Eng damit verbunden war auch Religion als ideologisches Fundament. Emily Conroy-Krutz verweist am Beispiel missionarischer Jugendzeitschriften auf ein Spannungsverhältnis zwischen evangelikalem Reformanspruch, gefühlter ethnischer Überlegenheit und dem gleichzeitigen universalistischen Glauben an die Gleichheit aller Seelen. Raymond Haberski widmet sich der stark theologisch geprägten Lehre vom gerechten Krieg als Legitimation für amerikanische Militärinterventionen nach dem Trauma des Vietnamkrieges. Melani McAlister zeigt anhand der humanitären Hilfe des American Jewish Committee während des Biafra-Krieges die enge Verknüpfung von religiöser Zugehörigkeit und politischem Aktivismus. Dieser starke Fokus auf Religion untermauert auch die Aktualität des Bandes, der nicht zuletzt auch tagespolitischen Debatten um das Erstarken der evangelikalen Rechten innerhalb der Republikanischen Partei geschuldet sein dürfte.
Des Weiteren ist es den Herausgebern ein Anliegen, auf die enge Verknüpfung von Innen- und Außenpolitik ("intermestic") hinzuweisen und damit zu zeigen, dass Ideologie stets in der Wechselbeziehung dieser Räume entsteht. Am Beispiel des Schlagwortes Nationalismus zeigt Michaela Hoenicke-Moore beispielsweise, dass die amerikanische Öffentlichkeit nicht nur Empfängerin außenpolitischer Ideologien von oben war, sondern diese Politik durch Korrespondenzen mit Entscheidungsträgerinnen und -trägern aktiv mitgestaltete. Ähnlich verhält es sich mit Daniel Tichenors Analyse von Immigrationsdebatten und der Erkenntnis, dass sich diese nicht anhand von Parteizugehörigkeit verstehen lassen. Vielmehr wurde innerhalb der US-Bevölkerung deutlich diverser über Einreisequoten und Rechte von Migranten diskutiert, was sich auch in ambivalenten Migrationspolitiken niederschlug. In Daniel Immerwahrs Beitrag zur Star Wars-Trilogie wird auch der kulturelle Umgang der Öffentlichkeit mit den Auswüchsen amerikanischer Vorherrschaft ergründet. Die zum Imperium verkommene Republik, der mit der späten Einsicht Darth Vaders Absolution erteilt wird, interpretiert er als Hoffnung der USA nach dem Vietnamkrieg wieder zu ideeller Stärke zurückzufinden.

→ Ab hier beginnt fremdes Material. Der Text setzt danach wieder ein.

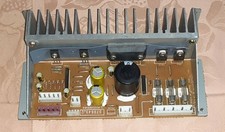 Alimentatore akai l4003b506a - akai,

Um der Diversität der Themen gerecht zu werden, verzichten die Herausgeber bewusst auf eine Arbeitsdefinition von Ideologie. Vielmehr sollen das Konzept und seine Grenzen durch die Diversität der Beiträge aufgezeigt werden. Während hierdurch eine interessante Diskussion entsteht, finden sich Leserinnen und Leser gleichzeitig in einem schwer einzugrenzenden Raum wieder, was wiederrum die Anwendbarkeit von Ideologie als analytischer Kategorie infragestellt. Denn wie und wann ein Gefühl, eine Meinung oder eine Theorie zur Ideologie wird, bleibt oft unklar.
Am nützlichsten erscheint Penny Von Eschens Definition von Ideologie als "the ongoing work of naturalizing and normalizing power relations that are constructed and contingent" (301). Ihre Definition nähert sich hier einem Foucaultschen Diskursbegriff an und wird zum flexiblen Sinnstiftungs- und Ordnungsprinzip. Folgt man dieser insgesamt schlüssigen Interpretation, gelangt man jedoch zu der Frage, ob die Kategorie "Ideologies of Power" nicht redundant ist, dient Ideologie doch scheinbar grundsätzlich der Produktion und Reproduktion von Machtverhältnissen.
Allein an dieser Frage zeigt sich aber auch die große Stärke des Sammelbandes. Die vielseitige Auswahl an Beiträgen regt zweifellos zum Denken an und macht damit deutlich, dass es sich bei Ideologie und Außenbeziehungen um einen zweifellos relevanten Themenkomplex handelt, der dringend weiterer Forschung bedarf.